Terahertz light, while potentially very useful for probing material properties, is difficult to handle using optical instruments because it is easily absorbed by many materials. Time-domain terahertz spectroscopy is already widely used to measure the optical properties of materials. Measurement of the polarization of light reflected from the sample in comparison to a reference mirror, or ellipsometry, provides even more information. Yamashita and his colleagues combined the two methods for use over a wide range of terahertz frequencies (Fig. 1).
Precision was a crucial aspect of the system, explains Yamashita. "Conventional terahertz reflection time-domain spectroscopy suffers from positioning error between the sample and the reference mirror, which prevents precise measurement of phase information."

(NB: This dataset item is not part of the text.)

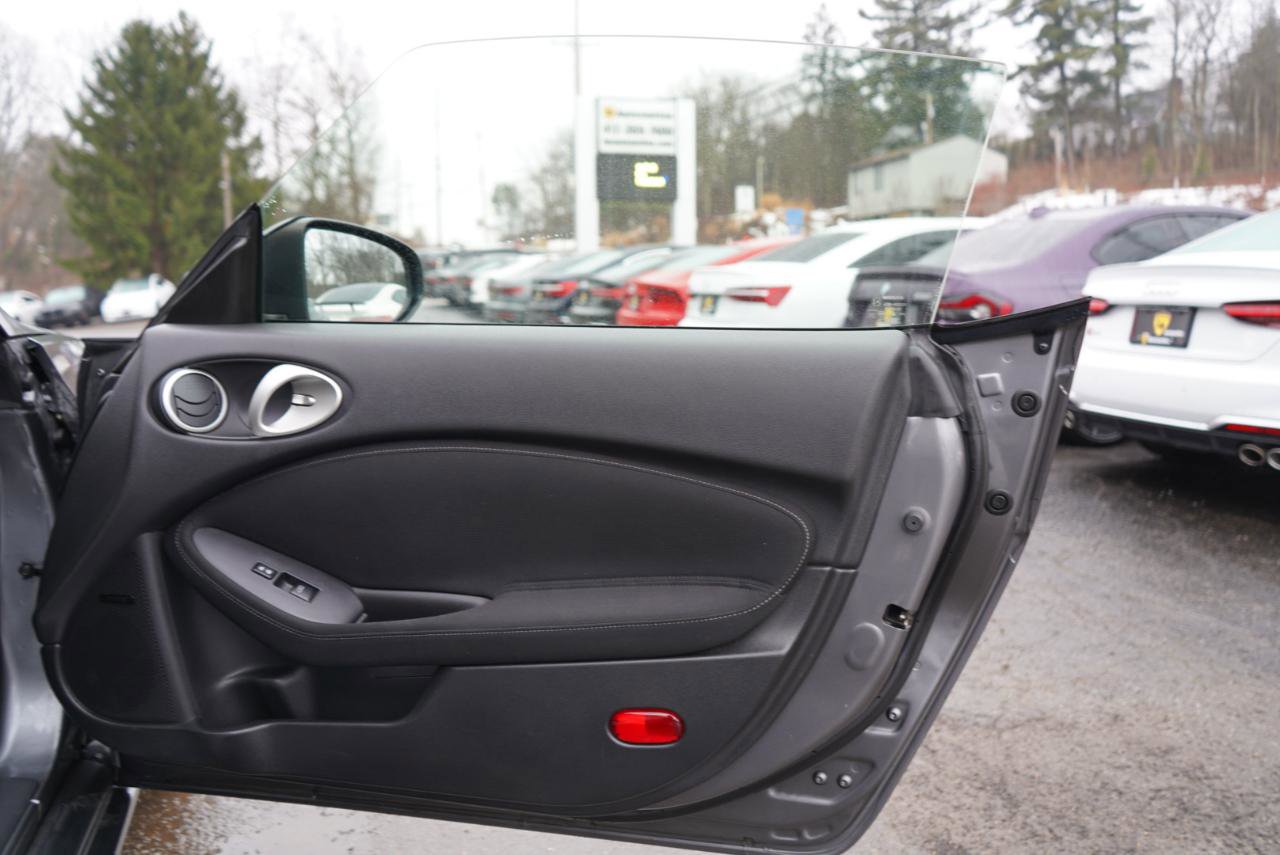 Used 2016 Nissan 370Z Coupe image 56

Achieving the necessary micrometer precision across a broad frequency range required the use of as few light emitters and detectors as possible, and the use of broadband emitter and detector materials. The researchers used crystals of gallium phosphide or gallium selenide as light emitters, covering an unprecedented frequency range of 0.5–30 terahertz. For detection, Yamashita's team used a film of gallium arsenide, prepared at low temperature to extend its broadband characteristics. The thin film of gallium arsenide was transferred to an optically neutral substrate to avoid unwanted terahertz wave absorption.
The researchers demonstrated the excellent performance of the system across almost the entire operating frequency range. Although some unwanted light absorption in the detector and other optical components remains, which prevents the system's use at certain frequencies, Yamashita is confident that these issues can be overcome by using thinner detector films or different optical components.

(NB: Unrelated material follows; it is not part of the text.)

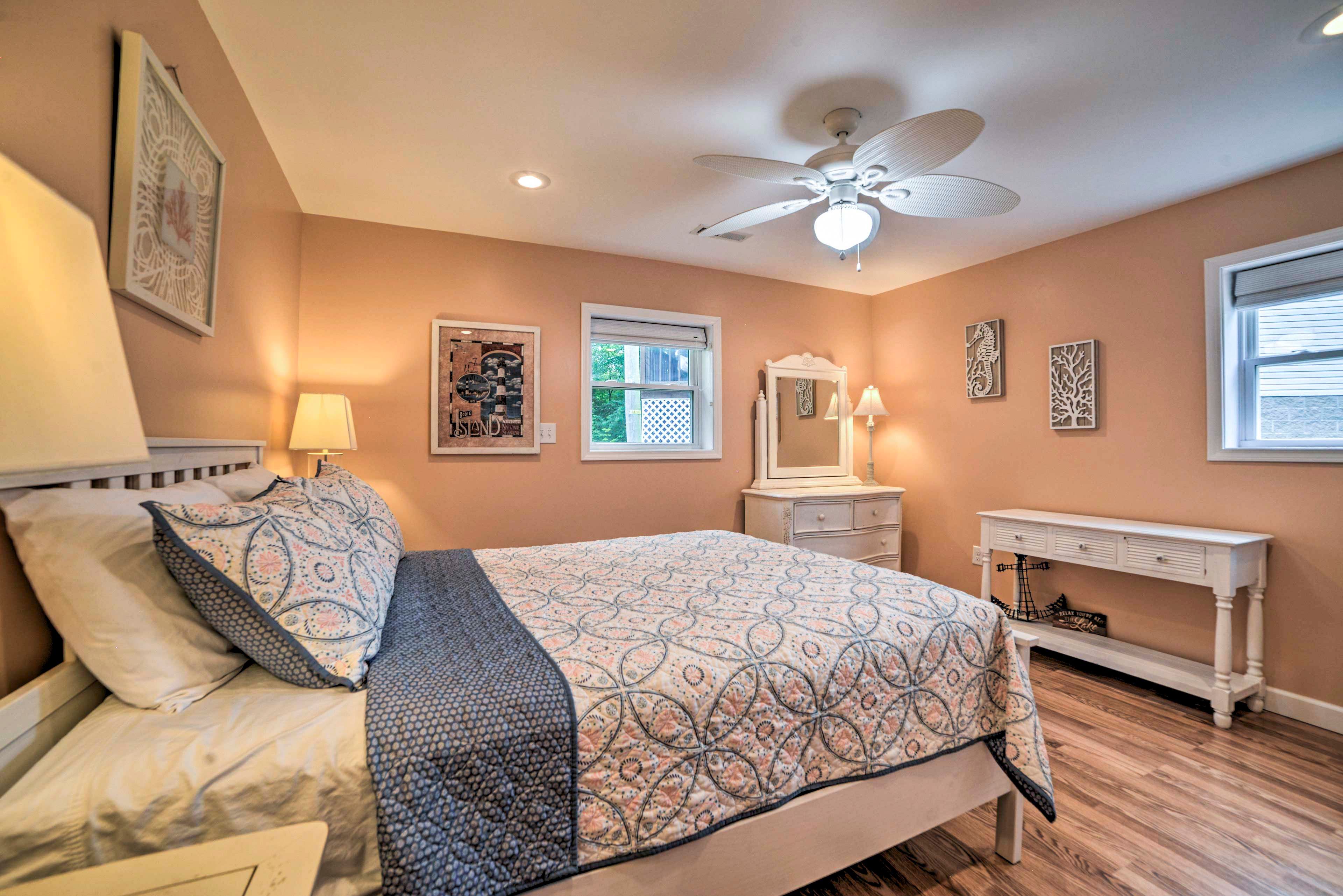 Bedroom 3 | Queen Bed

Once refined, the 'ultra-broadband' terahertz time-domain spectroscopic ellipsometry system could have some significant industrial applications. "An important application of the system," says Yamashita, "is the contactless and nondestructive characterization of carrier transport properties in semiconductors and the conducting polymers used in optoelectronic devices such as mobile-phone displays. This would be indispensable for improving device performance."